4. Can eating cashews strengthen the waist and kidneys?
The claim that cashews can nourish the kidneys has long been circulating online. Even Wikipedia mentions that cashews can "nourish the brain and blood, and strengthen the kidneys and spleen." In reality, however, cashews have no such benefits. Don't assume a food's name, simply because it has the Chinese character for "knee," can strengthen the waist and kidneys.
5. Can eating black sesame seeds turn white hair black?
There's a rumor online claiming that eating black sesame seeds or Polygonum multiflorum can help turn gray hair black, solving the annoying problem. However, these methods are ineffective. Gray hair develops when the melanocytes in the hair follicles age and can no longer produce melanin. This is an irreversible process. Eating more black sesame seeds and Bai Shou Wu (white shou wu), an extract from Polygonum multiflorum, supplements with trace elements like zinc and iron. At best, this can only prevent premature graying; it won't darken existing gray hair.

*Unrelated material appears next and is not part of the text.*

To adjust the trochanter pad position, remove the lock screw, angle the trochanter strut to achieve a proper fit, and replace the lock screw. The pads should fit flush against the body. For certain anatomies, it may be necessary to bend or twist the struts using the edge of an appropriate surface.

6. Can eating red dates replenish blood?
Many people think that eating red dates canReplenish bloodWomen, especially during menstruation, often consume red dates to supplement iron and promote hematopoiesis. However, this claim may disappoint everyone. The iron contained in plant-based foods like red dates is "non-heme iron," characterized by an extremely low absorption rate, typically only 1% to 5%. It is also easily interfered with by factors such as dietary fiber in staple foods, oxalic acid in vegetables, and phytic acid in legumes. Therefore, the iron-supplementing effect of eating red dates is extremely poor. Compared with the "heme iron" contained in animal red meat, its absorption rate is approximately ten times lower.
7. Can eating fungus clear the lungs?
Online claims claim that regularly eating wood ear mushrooms can clear the lungs, citing their rich fiber and plant pectin as moistening. However, this claim confuses traditional Chinese medicine concepts. In traditional Chinese medicine, "clearing the lungs" actually refers to clearing lung heat (lung fire), or "removing internal heat." This has nothing to do with the modern medical concept of clearing lung pollutants. Food consumed by humans is digested and absorbed through the digestive tract and enters the bloodstream, while airborne pollutants enter the lungs through the trachea. Since there's no chance for the two to come into contact, wood ear mushrooms simply cannot clear the lungs.

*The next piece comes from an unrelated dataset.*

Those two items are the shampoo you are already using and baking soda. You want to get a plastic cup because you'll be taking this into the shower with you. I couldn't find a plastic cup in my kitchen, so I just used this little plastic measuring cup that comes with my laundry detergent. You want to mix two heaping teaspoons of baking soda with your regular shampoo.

8. Can eating leeks enhance male sexual function?
Li Shizhen wrote in his Compendium of Materia Medica that "leek seeds nourish the liver and vital points, and treat frequent urination and enuresis." He did not mention leeks as having aphrodisiac properties. Some believe leeks can enhance male sexual function based on their zinc content, but the zinc content in leeks is quite low, even lower than that of shiitake mushrooms. While moderate consumption of leeks can boost immunity, modern nutrition theory suggests that leeks are not particularly associated with aphrodisiac properties.